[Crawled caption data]
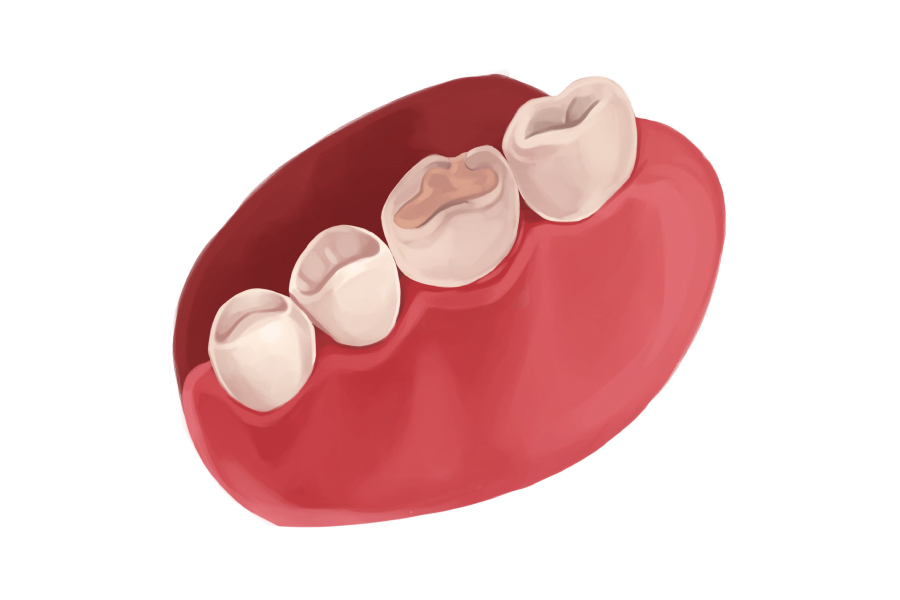 Model showing a composite dental filling.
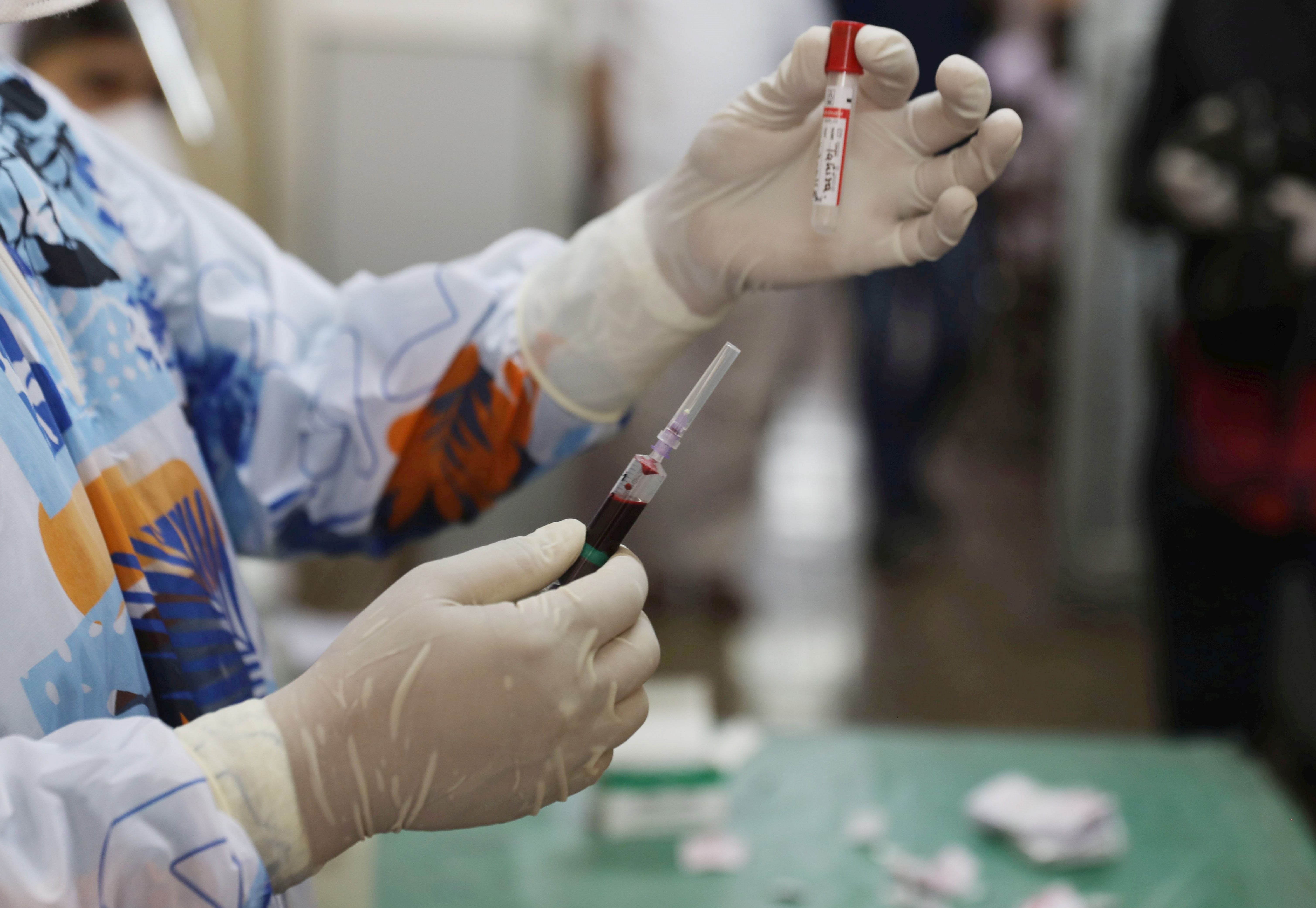 Salut confirma 4 morts per coronavirus a Catalunya i 154 nous contagis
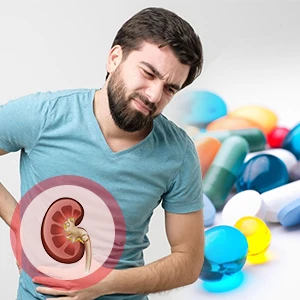 Kidney Stones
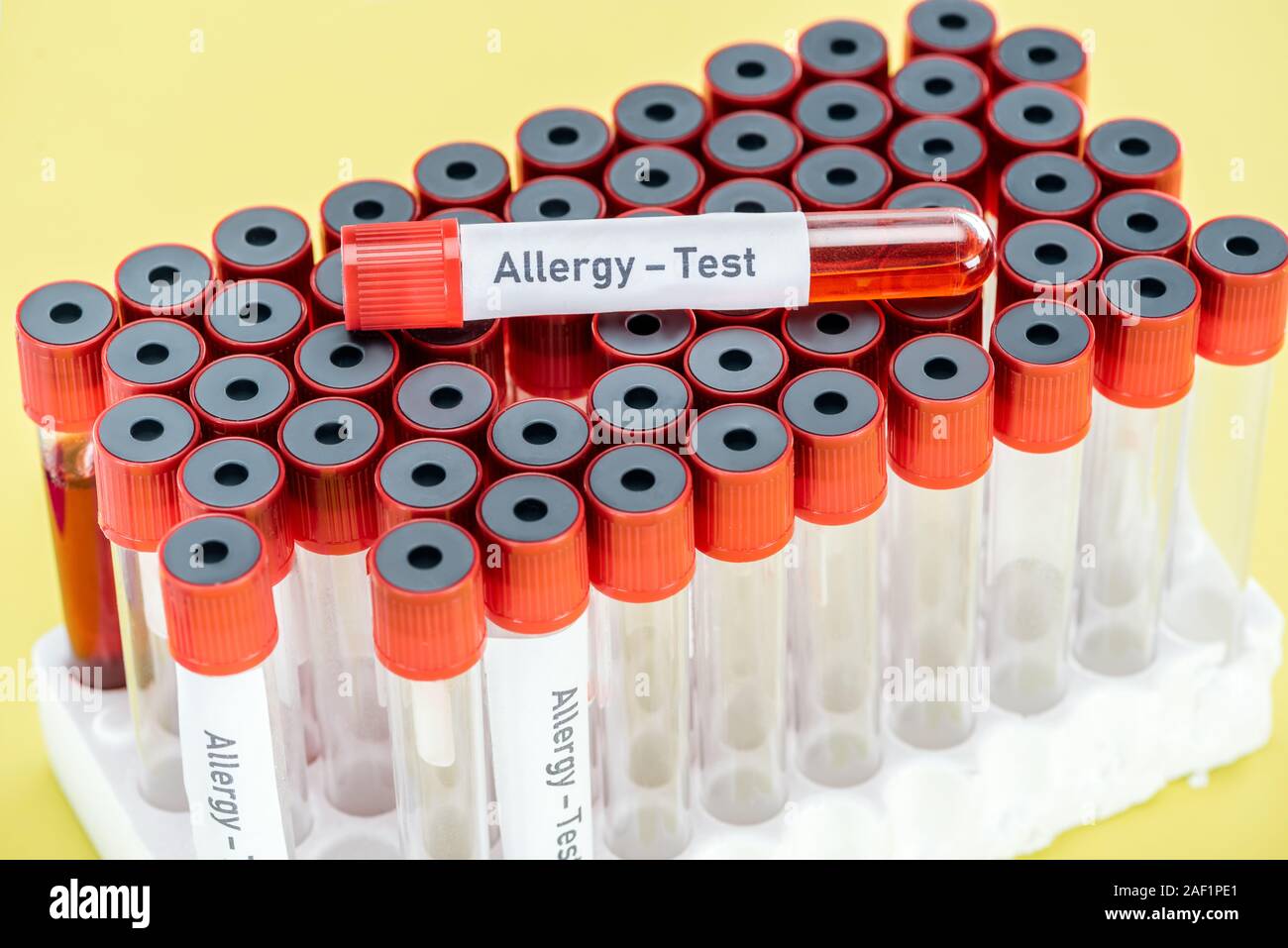 allergy test sample with allergy test inscription on empty test tubes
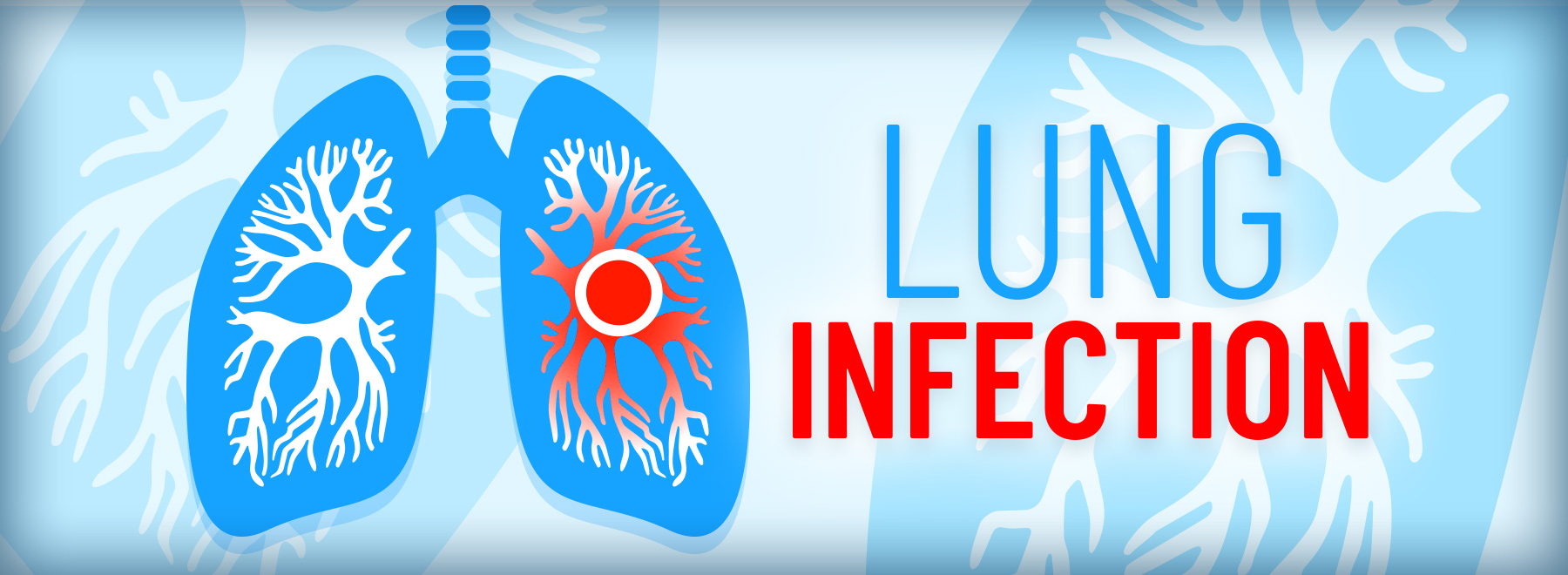 Visual depicting lung infections, highlighting pneumonia, its effects, and key information for understanding the condition.
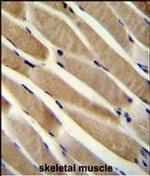 RNF90 Polyclonal Antibody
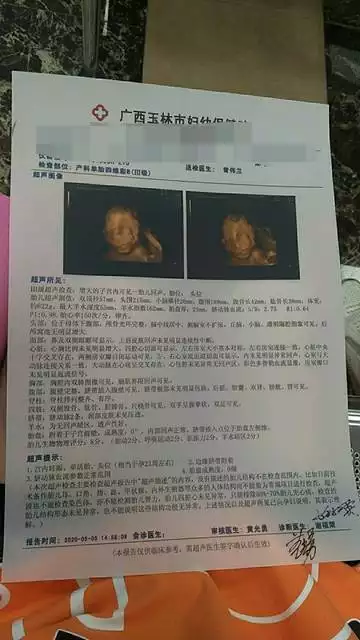 2、怀孕做完四维下次做什么检查:做四维彩超要吃饭去不，做完还要做别的检查吗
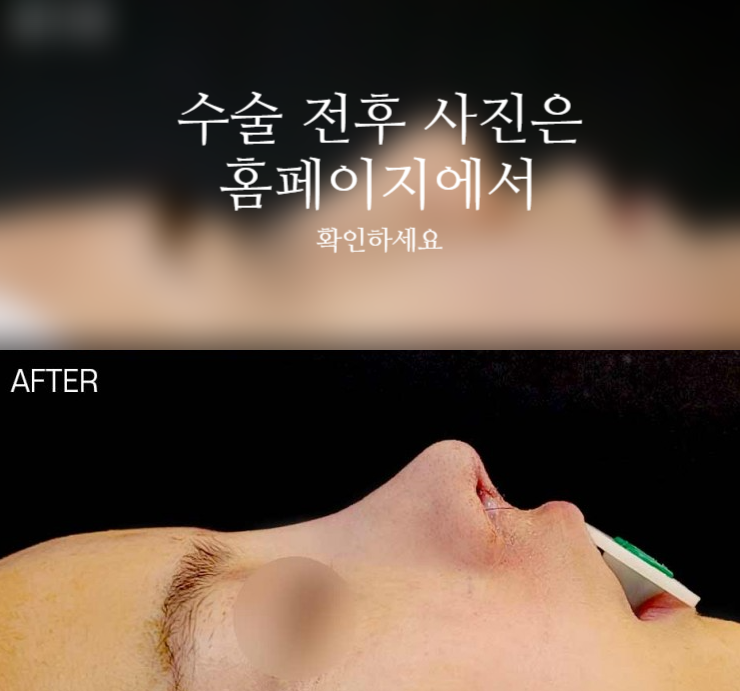 코끝연골재배치 자연스러운 자려한 코를 만드는 3가지 포인트 사진 2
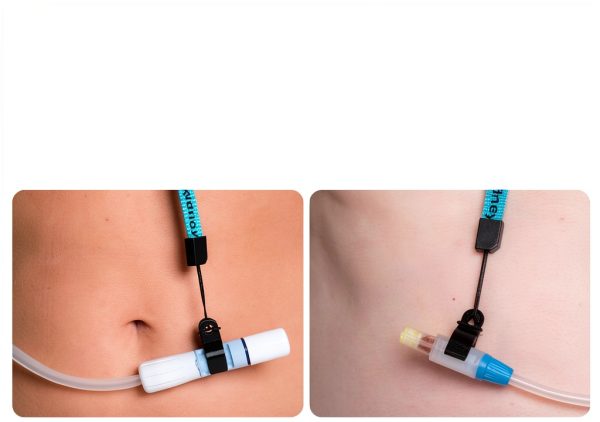 PD Showermate Catheter Showering Support Stickman Dialysis Lanyard-2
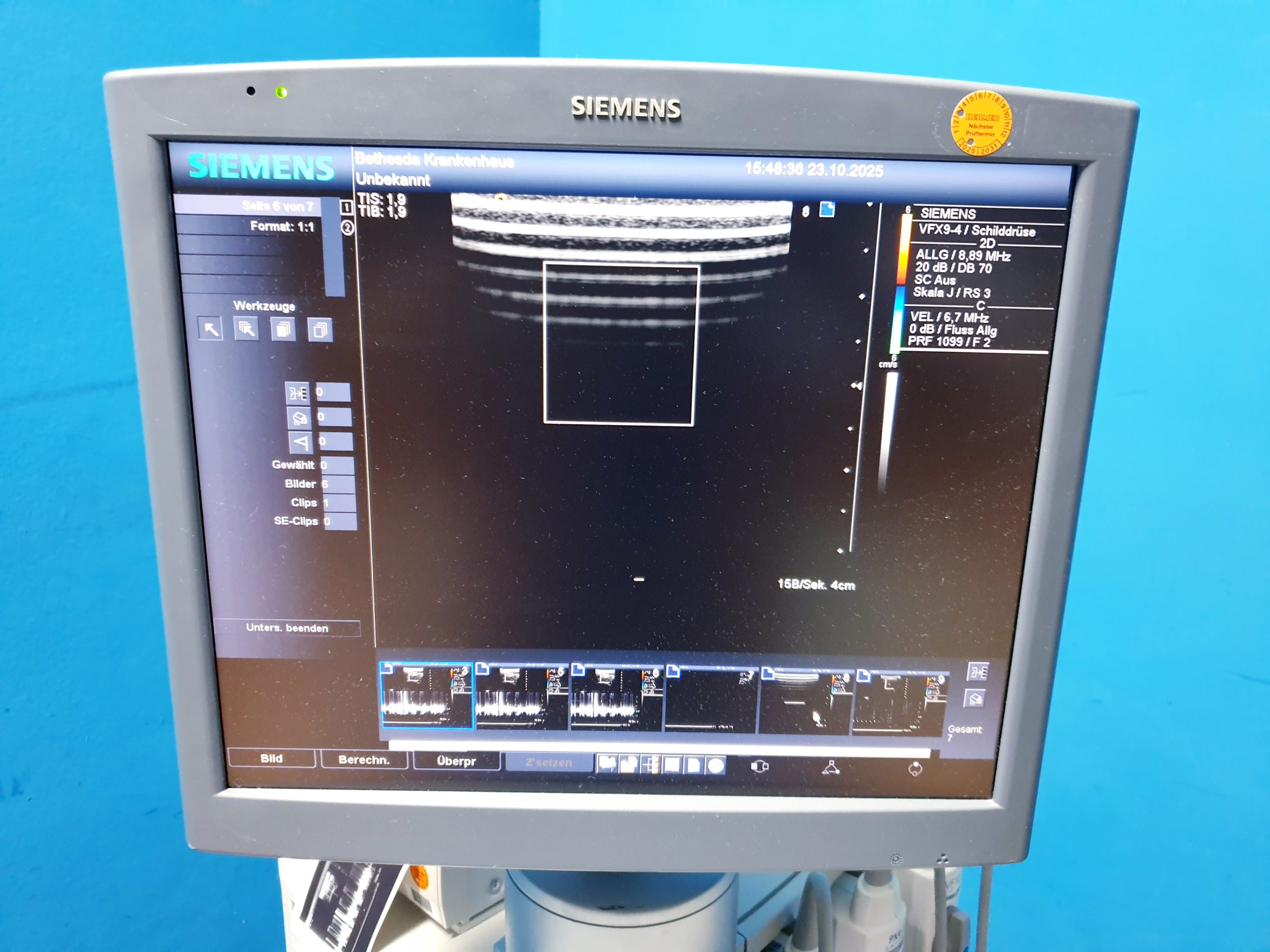 Siemens Acuson Antares Ultraschall Gerät mit 3 Sonden CH4-1 + PX4-1 + VFX9-4 – Bild 7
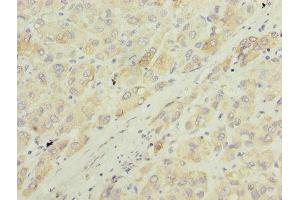 Immunohistochemistry of paraffin-embedded human liver cancer using ABIN7143985 at dilution of 1:100 (Monoamine Oxidase A 抗体  (AA 1-300))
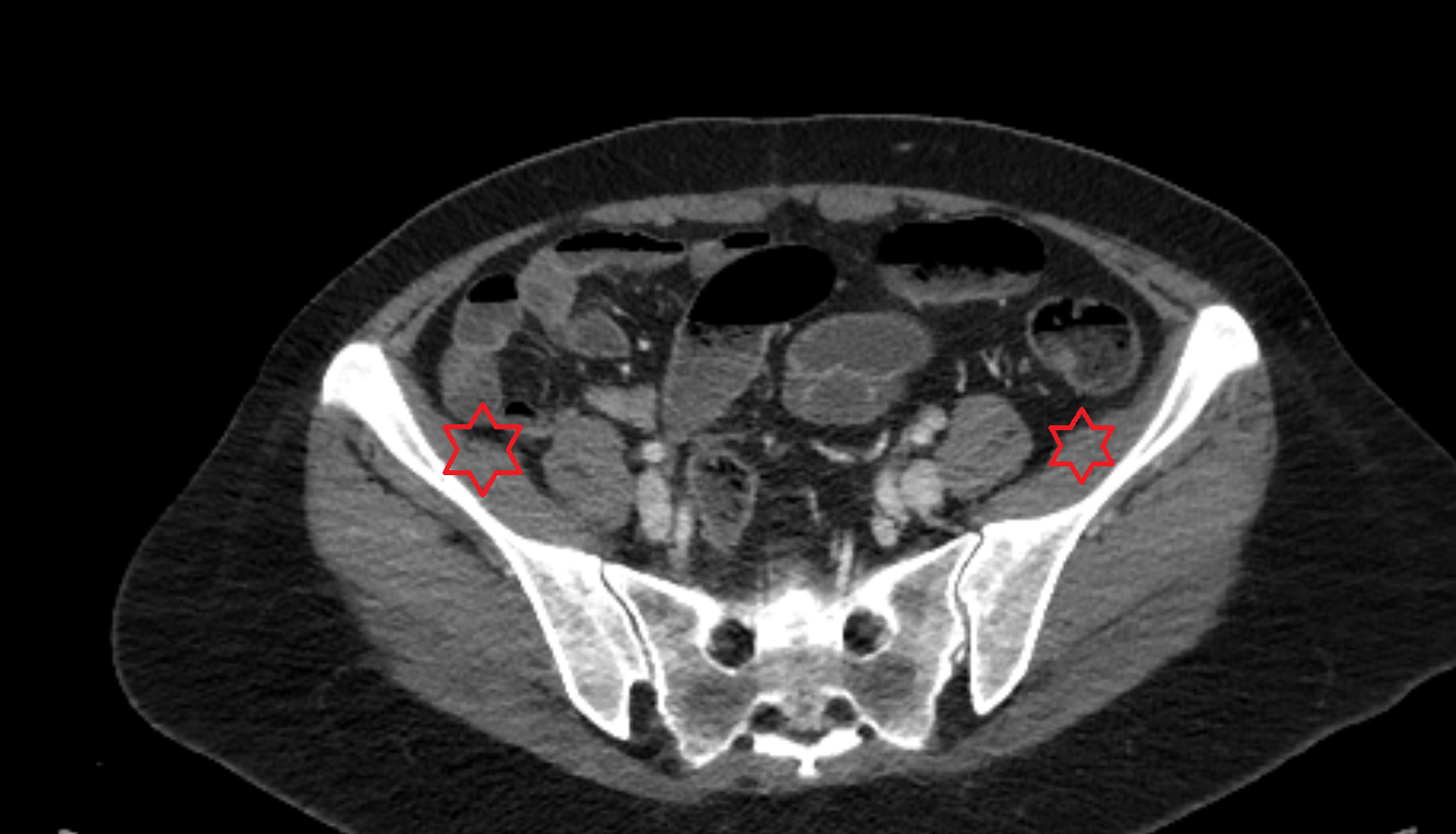 Iliac fossa ct anatomy  Location and Imaging Appearance  -img-00000-00000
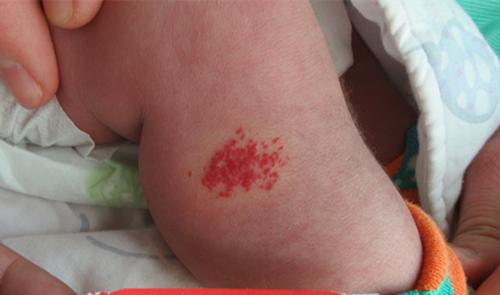 正规治疗婴幼儿血管瘤什么方法好,婴幼儿血管瘤怎么治疗效果好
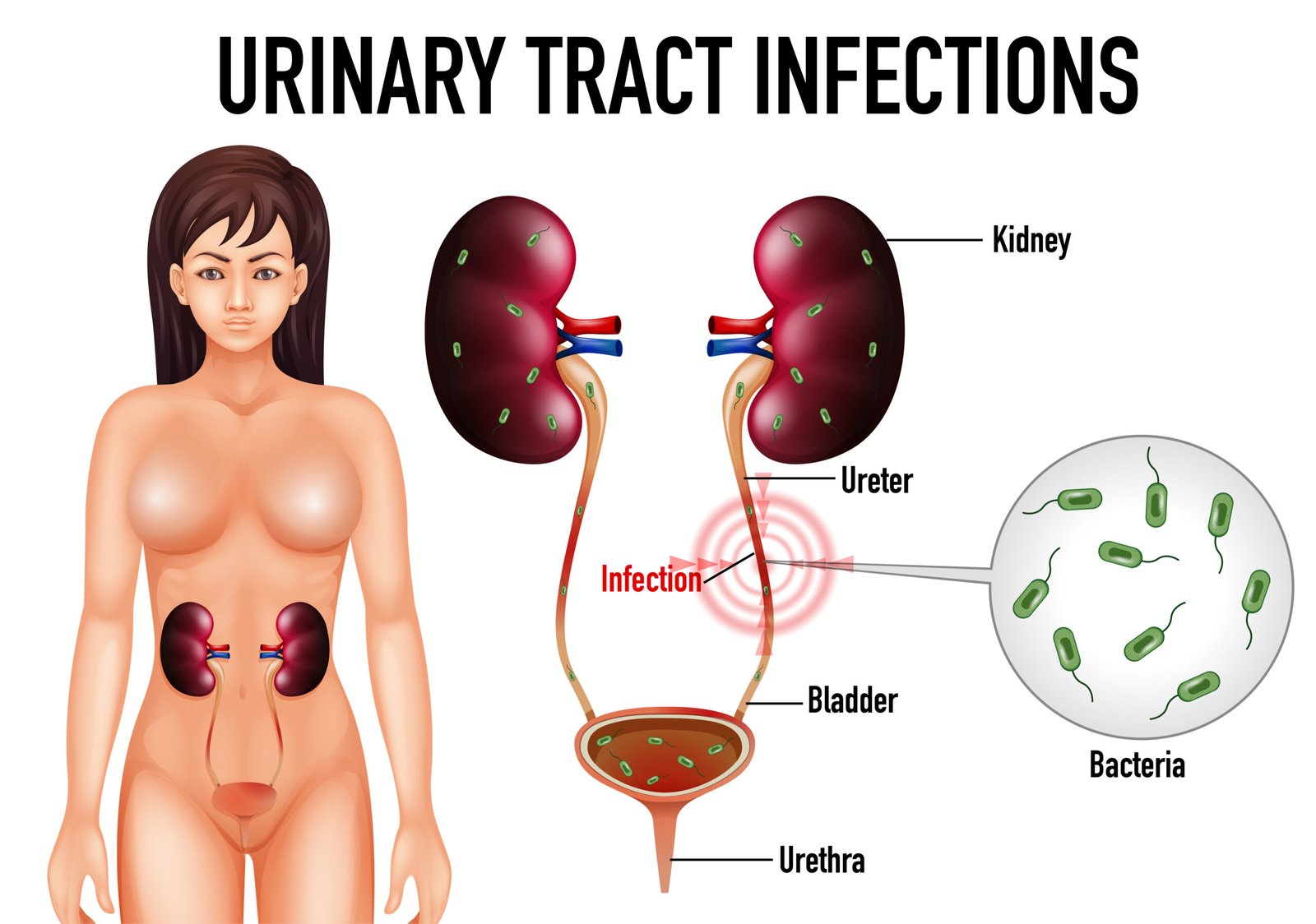 can uti cause headache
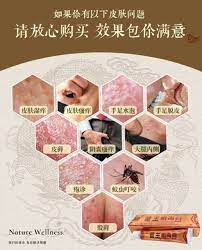 苗王癣毒膏针对以下皮肤问题の独家配方 皮肤湿痒 皮肤瘙痒 手足水泡 手足脱皮 阴囊瘙痒 大腿内侧 蚊虫叮咬 皮癣 疱疹 股癣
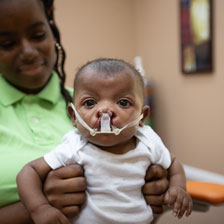 child with NAM device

* Work task:
Would you write out exactly the lines of the data from the one holding "Immunohistochemistry of paraffin-embedded" to the final line, both included, with pictures left out?

* Solution to this problem:
 Immunohistochemistry of paraffin-embedded human liver cancer using ABIN7143985 at dilution of 1:100 (Monoamine Oxidase A 抗体  (AA 1-300))
 Iliac fossa ct anatomy  Location and Imaging Appearance  -img-00000-00000
 正规治疗婴幼儿血管瘤什么方法好,婴幼儿血管瘤怎么治疗效果好
 can uti cause headache
 苗王癣毒膏针对以下皮肤问题の独家配方 皮肤湿痒 皮肤瘙痒 手足水泡 手足脱皮 阴囊瘙痒 大腿内侧 蚊虫叮咬 皮癣 疱疹 股癣
 child with NAM device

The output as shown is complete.